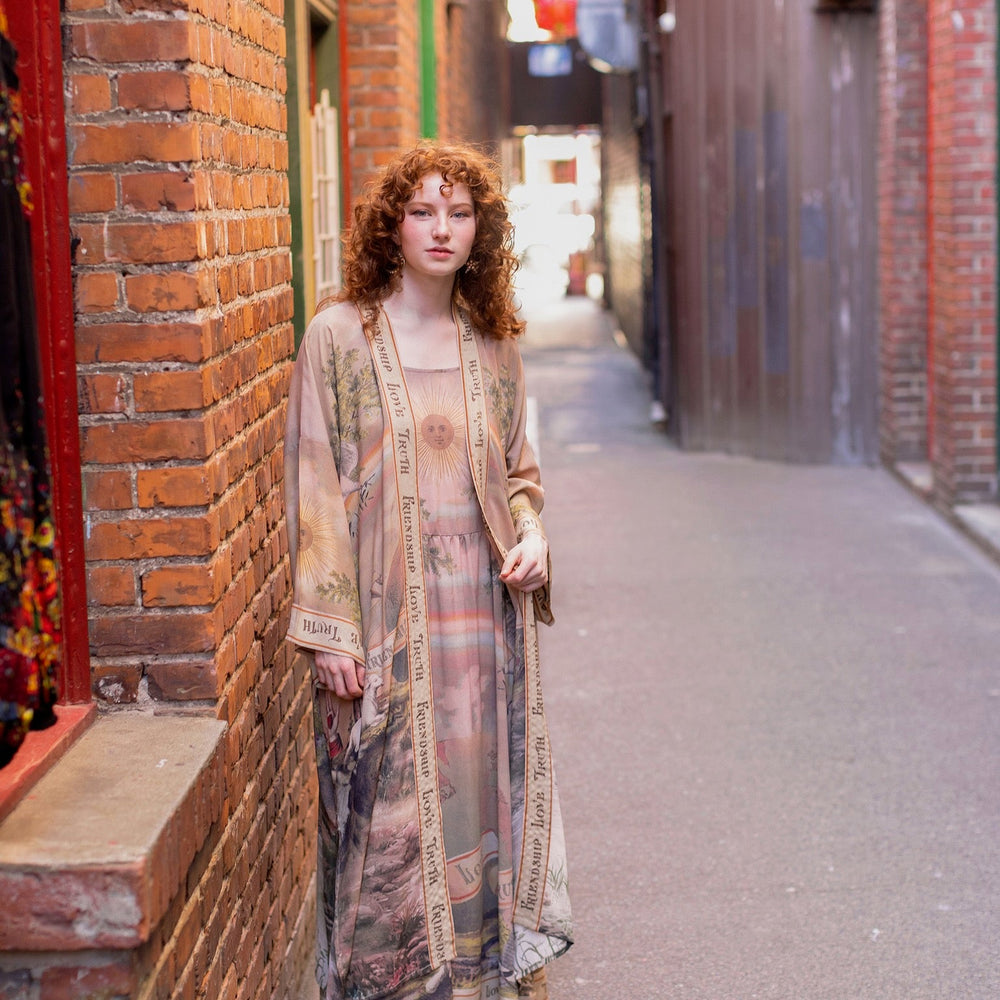 
                  
                    Model wearing sun-washed vintage-inspired Opera Duster featuring symbols of friendship, love, and truth in soft lavender, sage, gold, and aqua – Market of Stars
                  
                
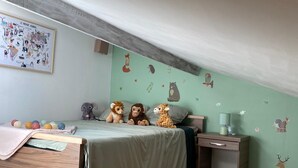 Ein Schlafzimmer mit einem Schlafpodest, einem kleinen Schreibtisch und einer Wand mit Tierstickern.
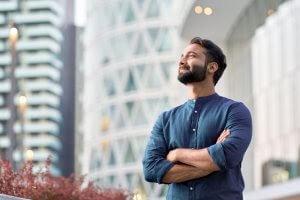 A confident rich Eastern Indian Business man proudly standing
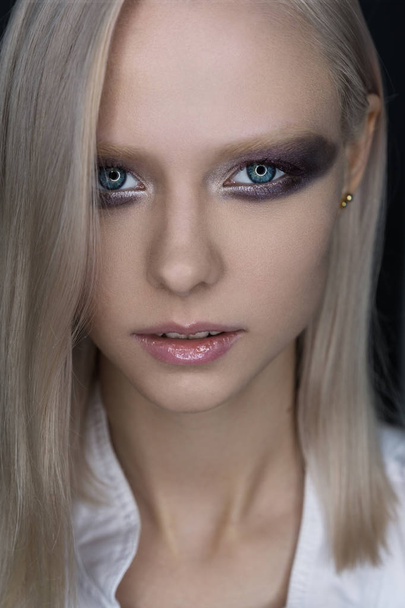 Close portrait of a platinum blue-eyed blonde with bright eye makeup in violet tones. - Foto, Imagen
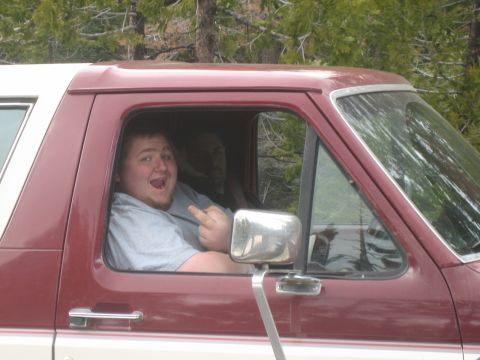 1995 Ford Bronco - A driver in a maroon and white SUV gives the middle finger to the camera while a passenger sits behind them.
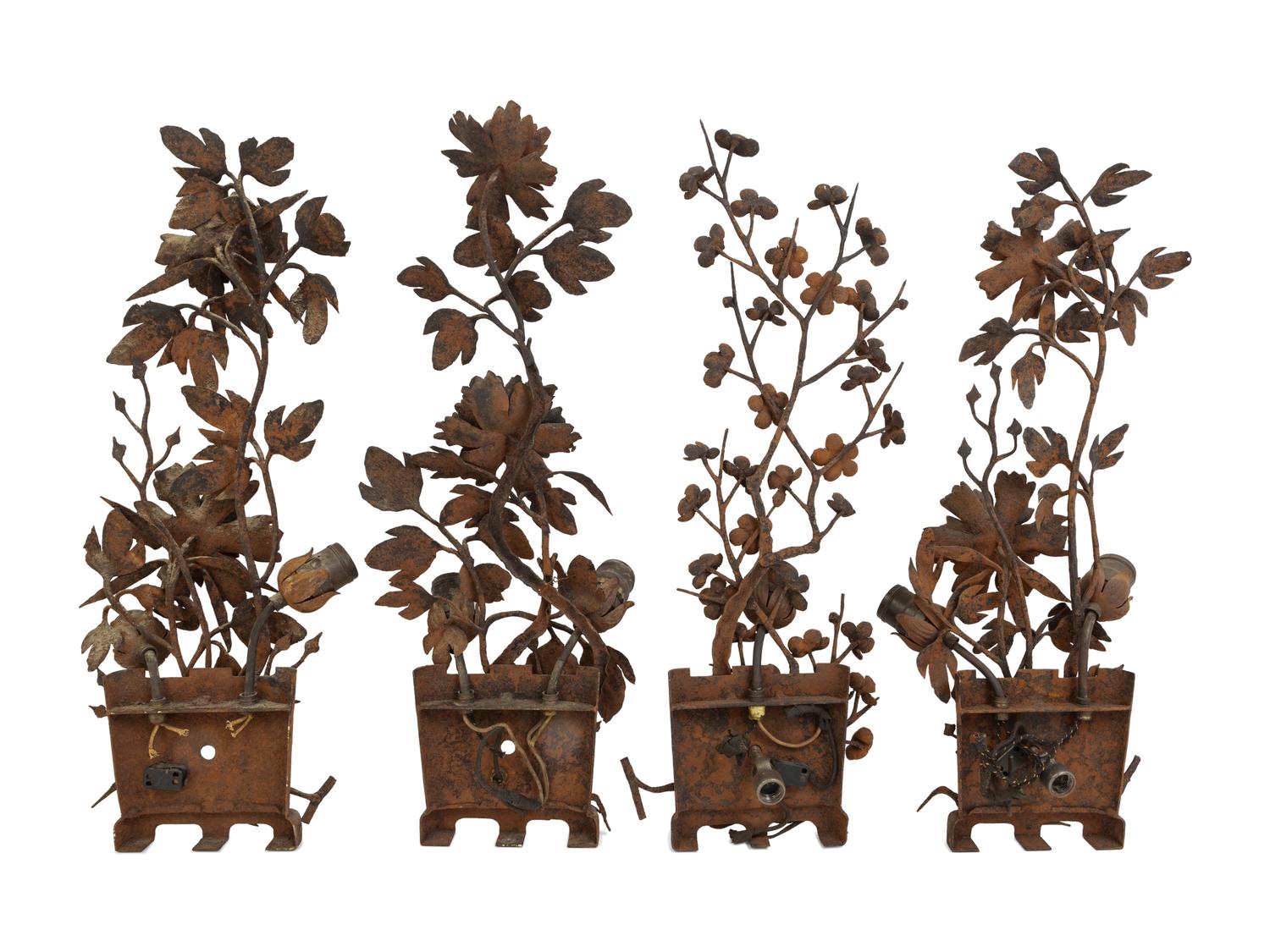 A Set of Four Chinese Cast Iron Wall Sconces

------------

## Assignment:
Return, unchanged, the lines from the first line of the material through the line that holds "Close portrait of", inclusive, omitting pictures.

## Written reply:
                    Model wearing sun-washed vintage-inspired Opera Duster featuring symbols of friendship, love, and truth in soft lavender, sage, gold, and aqua – Market of Stars
                  
                
 Ein Schlafzimmer mit einem Schlafpodest, einem kleinen Schreibtisch und einer Wand mit Tierstickern.
 A confident rich Eastern Indian Business man proudly standing
 Close portrait of a platinum blue-eyed blonde with bright eye makeup in violet tones. - Foto, Imagen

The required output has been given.